A Woman's Place is Behind a Camera: An Interview with Cari Beauchamp


September 17, 1998
by Dan Lybarger
Originally appeared in the Septemeber 17-23 issue of Pitch Weekly. ........................................................................................................
Female filmmakers have made remarkable advances in 1998. Mimi Leder's Deep Impact is one of the year's biggest grossers, Tamara Jenkins' Slums of Beverly Hills is a hit with the critics, and scores of other women (including Theresa Connelly, the director of this week's Polish Wedding) have governed behind the camera. However, these successes are hardly new.

Many of the invaluable contributions women have made in front of and behind the camera are chronicled in Cari Beauchamp's new biography, Without Lying Down: Frances Marion and the Powerful Women of Early Hollywood. Beauchamp is scheduled to speak about the topics covered in her book at the Sixth Annual Buster Keaton Celebration: Keaton & Pickford, Everyman & America's Sweetheart at the Bowlus Fine Arts Center in Iola, KS, on Sept. 25-26. Her presentation will be on Saturday.

Beauchamp chose screenwriter Frances Marion (1887-1973) as the focus of her study. Contacted by phone from Pasadena, CA, she recalls, "I was initially intrigued by a group of women. For that I mean: Anita Loos (Gentlemen Prefer Blondes), Adela Rogers St. John (A Free Soul), Frances Marion, and the list goes on. I had seen their names on so many movies and yet failed to see them in any of the Hollywood histories, which I devoured. I would find their names in the footnotes, and the footnotes would be contradictory.

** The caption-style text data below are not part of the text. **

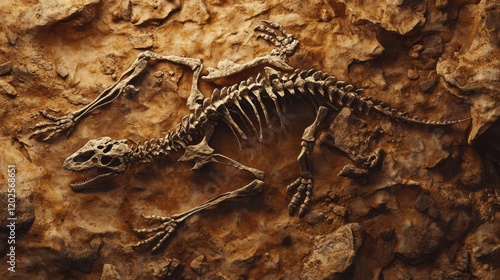 Fototapeta Naklejka Na Ścianę i Meble -  Intricate small dinosaur fossil on rocky surface
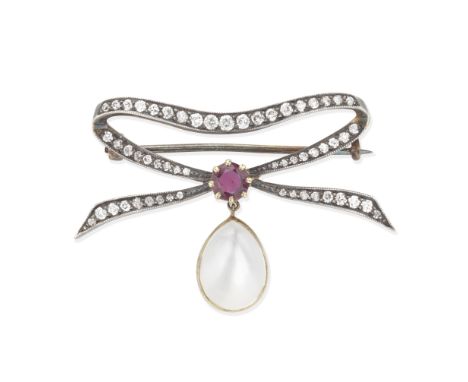 MOONSTONE, DIAMOND AND RUBY BROOCHOf scrolling ribbon design, set with cushion-shaped diamonds, centrally set with a circular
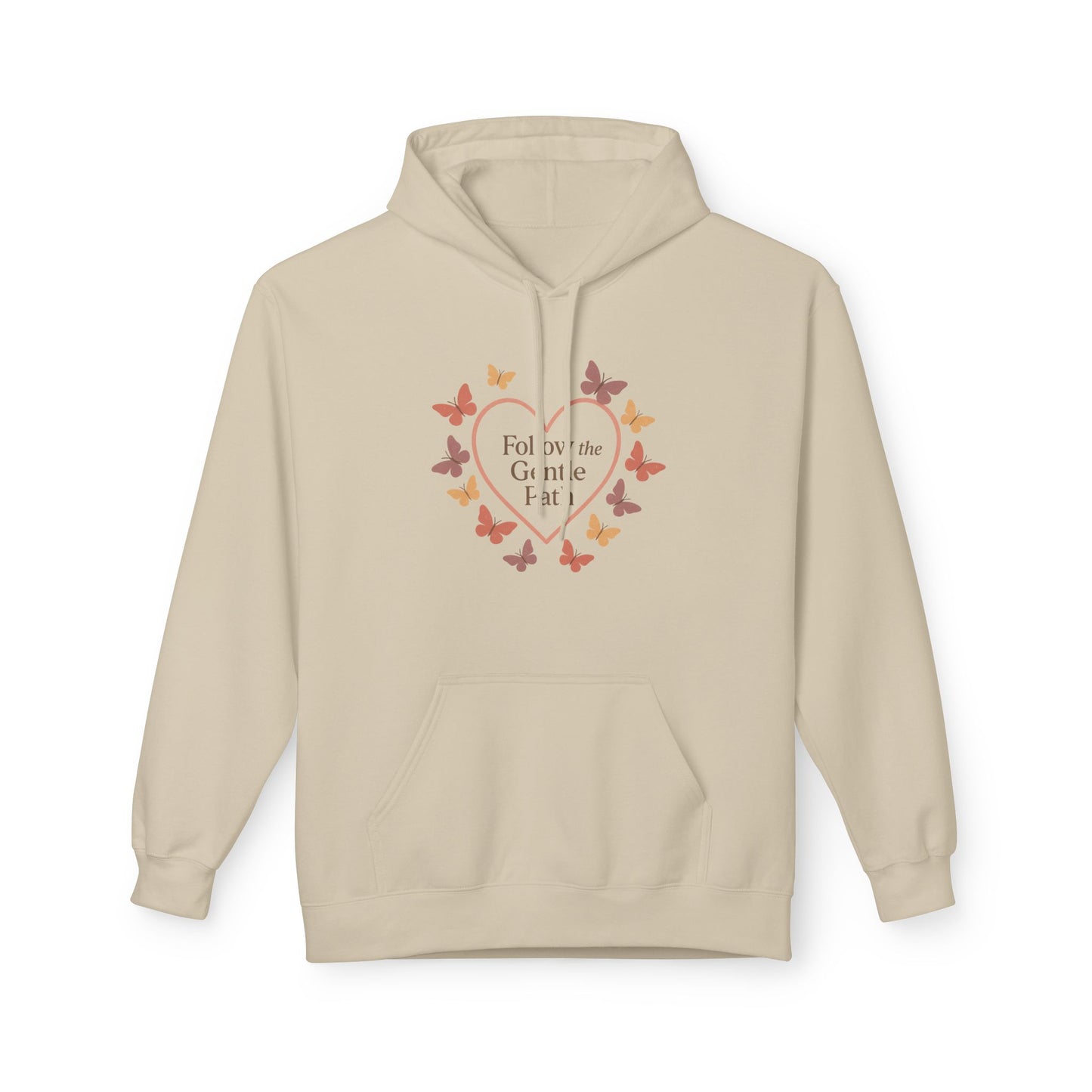 Follow the Gentle Path” – Weicher Hoodie mit Herz- und Schmetterlingsmotiv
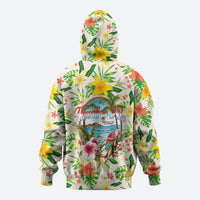 Hawaiian Piko Threads Of Paradise Aloha Zip Hoodie Tropical Hibiscus Plumeria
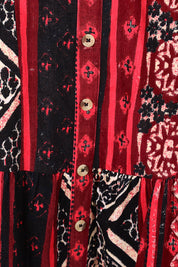 Product shot of the Jolene Cord Skirt in colour Jolene (Red), detail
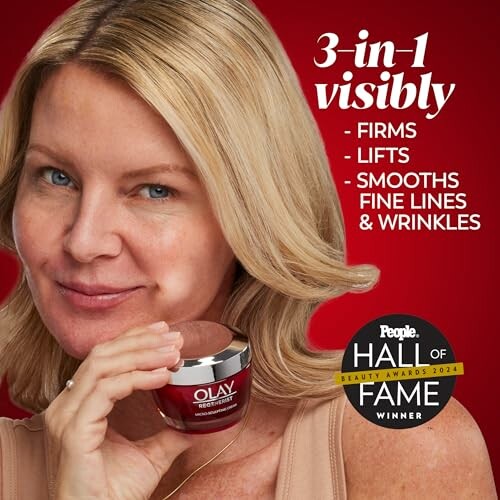 Woman holding Olay Regenerist cream, promoting firming, lifting, and smoothing benefits.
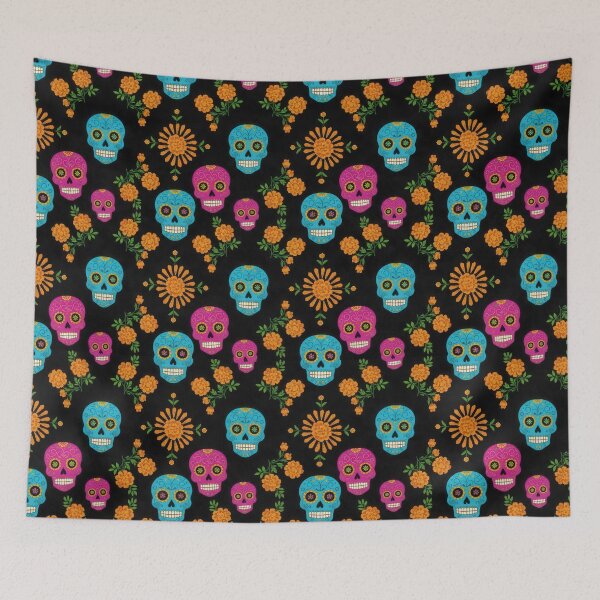 Item preview, Vibrant Day of the Dead Sugar Skulls and Marigold Pattern designed and sold by ML-Media.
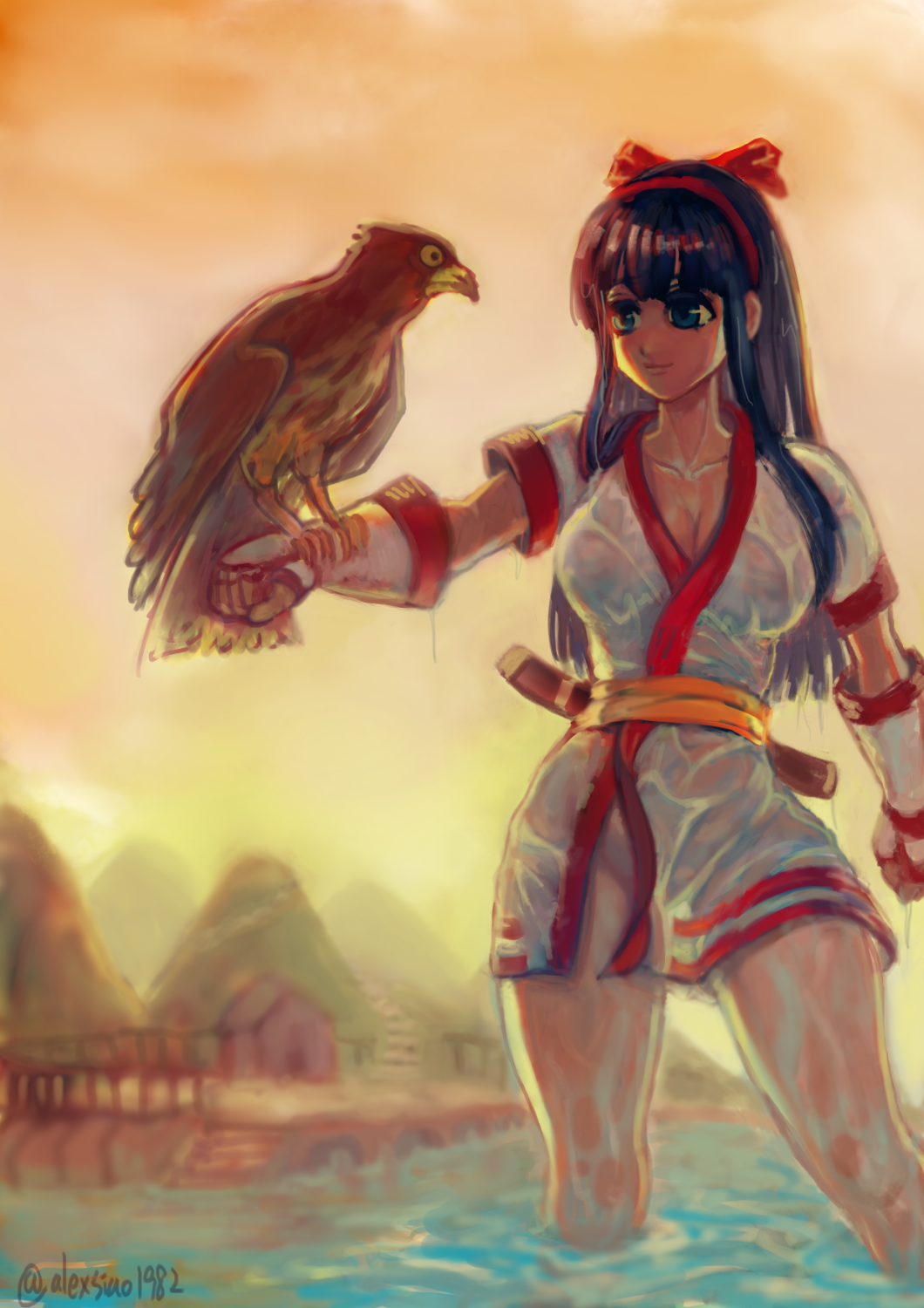 1girls artist_name big_breasts bird blue_eyes blue_hair breasts busty cleavage female female_only fingerless_gloves gloves hair_ribbon hips large_breasts legs long_hair mamahaha nakoruru no_panties ribbon samurai_shodown see-through smile snk sunset thick_thighs thighs water weapon wet wet_clothes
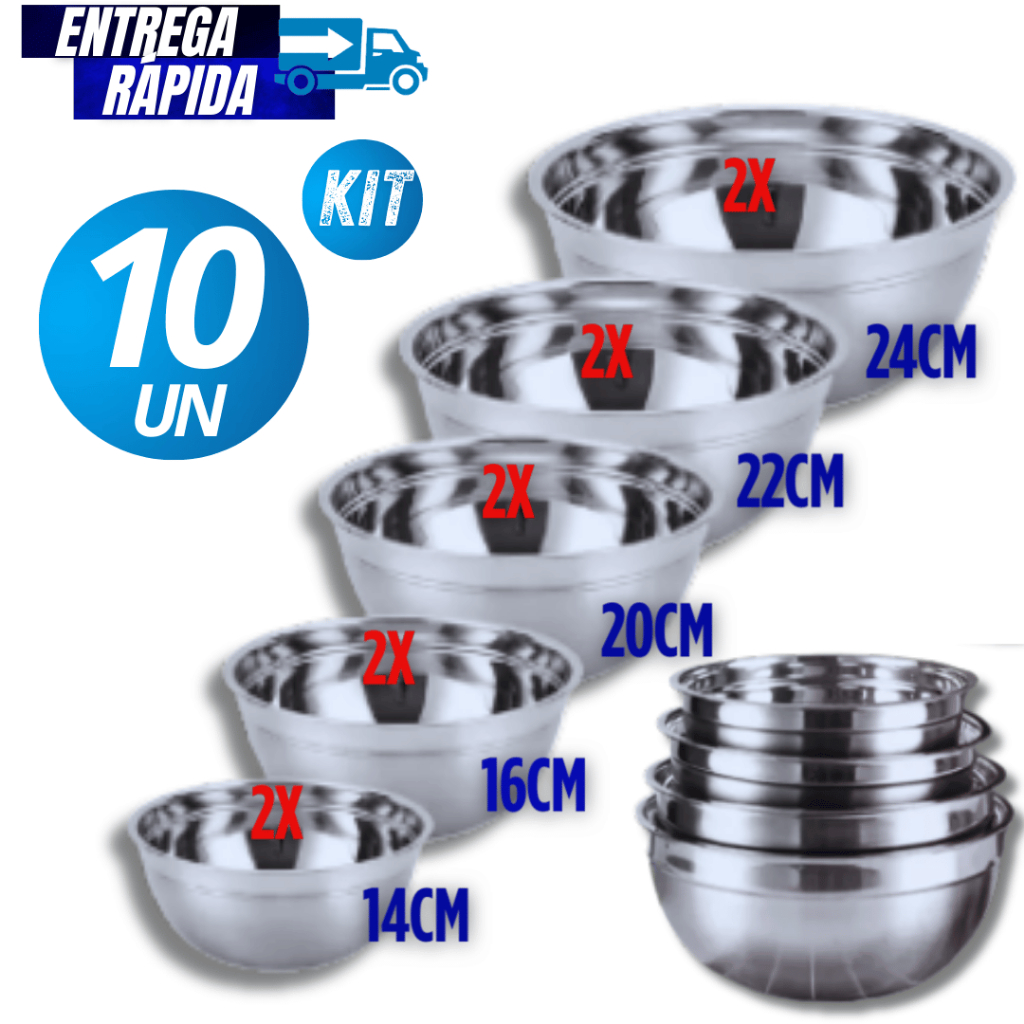 Conjunto 10/05 Peças de Tigela Bowl Inox com 5 Tamanhos dife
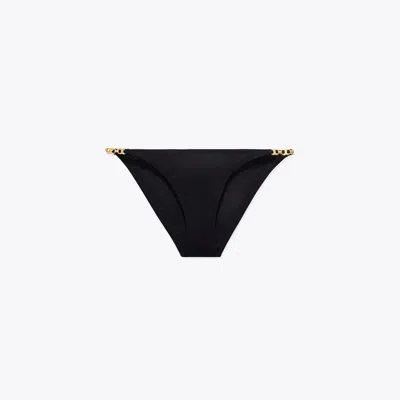 Tory Burch Gemini Link Bikini Bottom In Black/gold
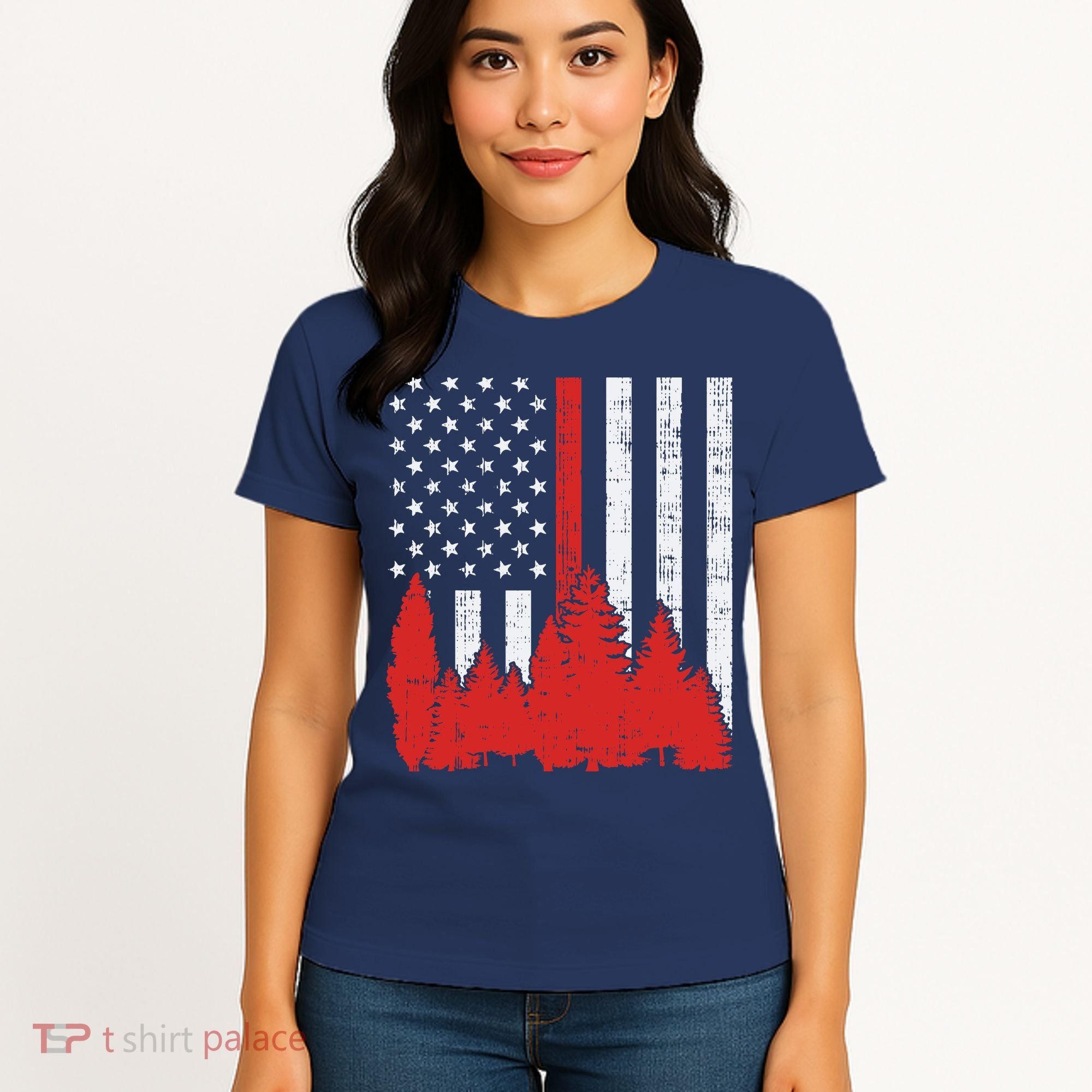 USA Flag Thin Red Line Forest Fire Wildland Firefighter Gift Women's T-Shirt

"Then, once I started on this trail, Frances Marion quickly percolated to the top of the group, and her life was so rich, both professionally and personally. She was this incredible central character who knew so many people. She was pivotal in other people's lives and vice versa," Beauchamp says.

Without Lying Down

Marion's accomplishments as a writer are nothing short of prodigious. She contributed to hundreds of films including Victor Sjöström's The Scarlet Letter (1926) and The Wind (1928) and George Cukor's Dinner at Eight (1933). Two of her scripts, The Big House (1930) and The Champ (1931), won Oscars, and for almost 20 years she was Hollywood's highest-paid screenwriter. Beauchamp says, "Frances was usually brought in after other people had been hired and (the studio) had sort of given up, and then she started anew. That was certainly true with The Scarlet Letter. Three other people had turned in scripts before Frances was called in. What made her so special was she wrote stories that moved. She was perfect to take something that had been a play, i.e. something that had been in a confined space, take it out and open it up. She knew which characters were going to move the story forward."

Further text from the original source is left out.